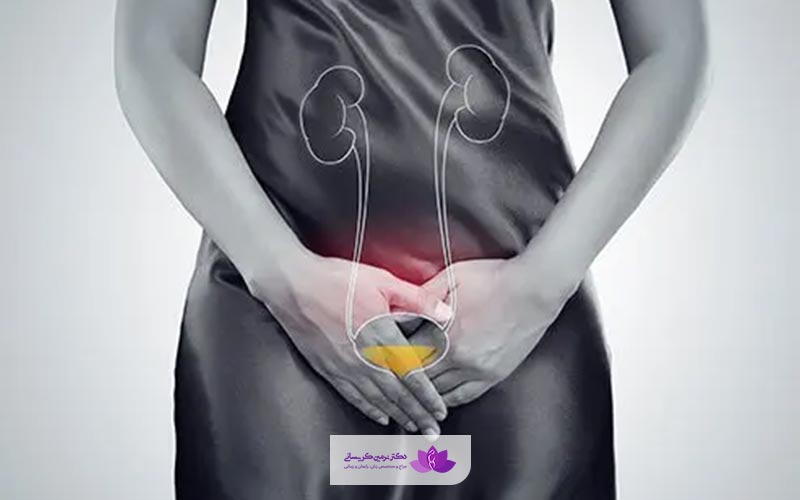 علائم و نشانه های افتادگی مثانه و درمان خانگی سیستوسل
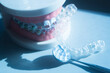 © edwardolive - Invisible bracket aligners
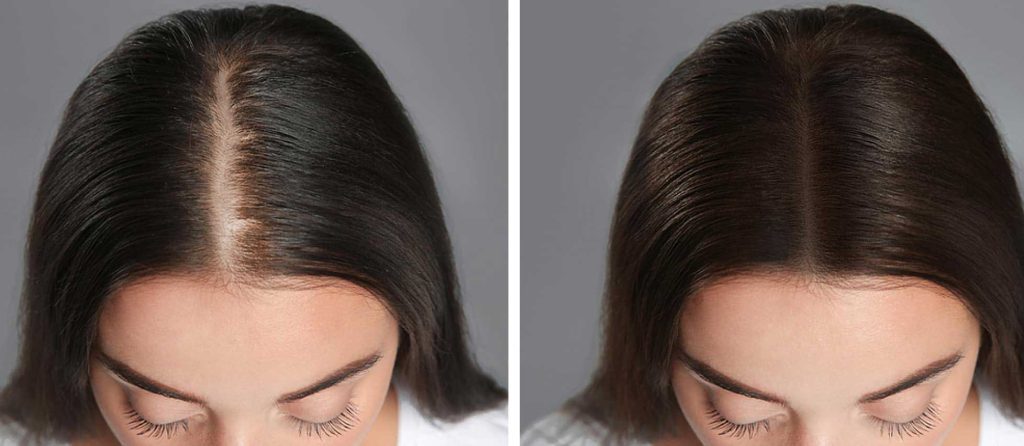 Hair Transplant in Vietnam 4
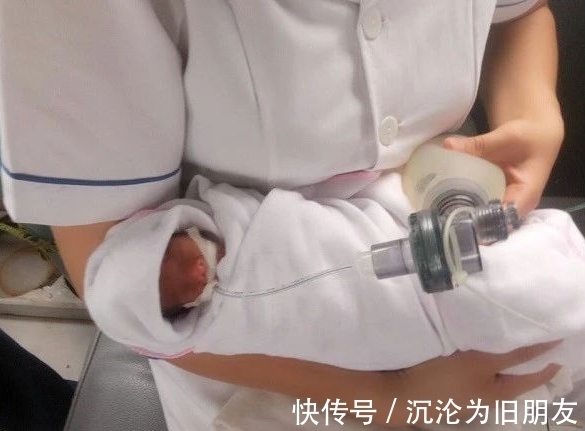 女婴|女子刚产下一个宝宝,14天后又生下一个娃!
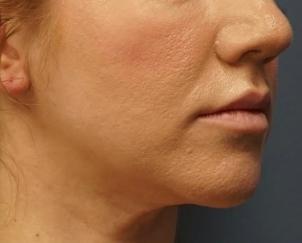 Neck Lift after at Dr. Petti in Los Angeles, CA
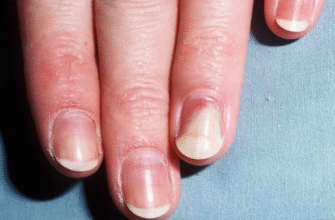 Все, що потрібно знати про оніхолізис: причини, симптоми та лікування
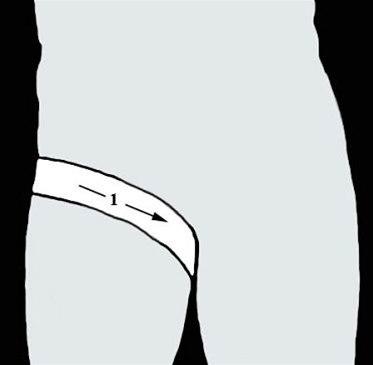 Lyskeskader, forbinding bilde#1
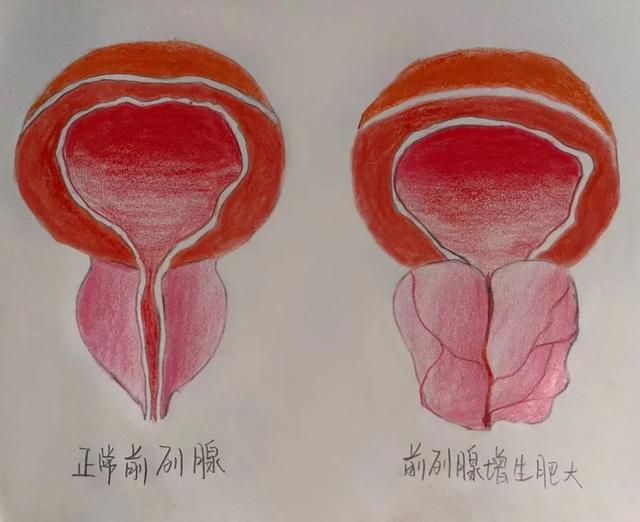 男性这个增生不容忽视~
------------------------
HOW TO COMPLETE THIS TASK: Copy every line of the data word for word, omitting the images.

ANSWER TO THIS TASK:
 علائم و نشانه های افتادگی مثانه و درمان خانگی سیستوسل
 © edwardolive - Invisible bracket aligners
 Hair Transplant in Vietnam 4
 女婴|女子刚产下一个宝宝,14天后又生下一个娃!
 Neck Lift after at Dr. Petti in Los Angeles, CA
 Все, що потрібно знати про оніхолізис: причини, симптоми та лікування
 Lyskeskader, forbinding bilde#1
 男性这个增生不容忽视~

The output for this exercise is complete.